I'm currently in the process of trying to understand the paper Regularization Paths for Generalized Linear Models via Coordinate Descent by Friedman et al. with regard to the regularization of logistic regression. Unfortunately, I was not able to figure out the exact algorithm that is used for optimization. I was looking for other papers that use coordinate descent in this context and came across Sparse logistic regression for text categorization by Genkin et al. They go into more detail and in section 3.1 they mention
Let $f(\beta_j)$ be the objective expressed as the function of only one component $\beta_j$ with all the rest being fixed, and $Q(\beta_j, \Delta_j)$ be an upper bound on the second derivative of $f (\cdot)$ in the $\Delta_j$-vicinity of $\beta_j$ , $\Delta_j > 0$:
$Q(\beta_j , \Delta_j ) \geq f (\beta_j + \delta)$ for all $\delta \in [−\Delta_j , \Delta_j ]$.

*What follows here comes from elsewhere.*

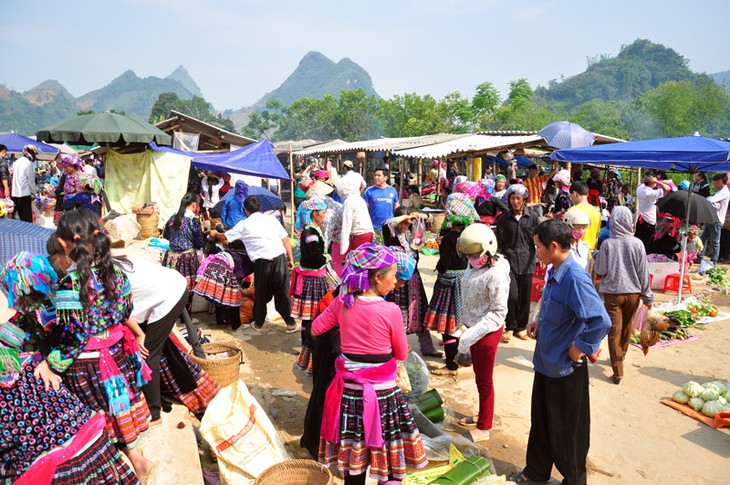 Pasar lama di bawah kaki gunung Hoang Lien Son - ảnh 1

Later on they use the following formula as upper bound for L2-penalized logistic regression:
$Q(\beta_j , \Delta_j ) = \sum_i x_{ij}^2 F(\beta^T x_i y_i, \Delta_j x_{ij}) + 2\lambda$
$F(r, \delta) = 0.25$ if $|r| \leq |\delta|$
$F(r, \delta) = 1 / (2 + \exp(|r| - |\delta|) + \exp(|\delta| - |r|))$ otherwise.
I was surprised to see that this apparently necessary upper bound was not mentioned in the paper by Friedman et al. In addition, the bound differs between L1 and L2 penalty. What would the bound look in the generic framework proposed by Friedman et al. which is applicable for a wide range of penalties?
My second question is related to the upper bound proposed by Genkin et al. They did not provide or reference a prove that validates there choice. Am I missing something obvious here?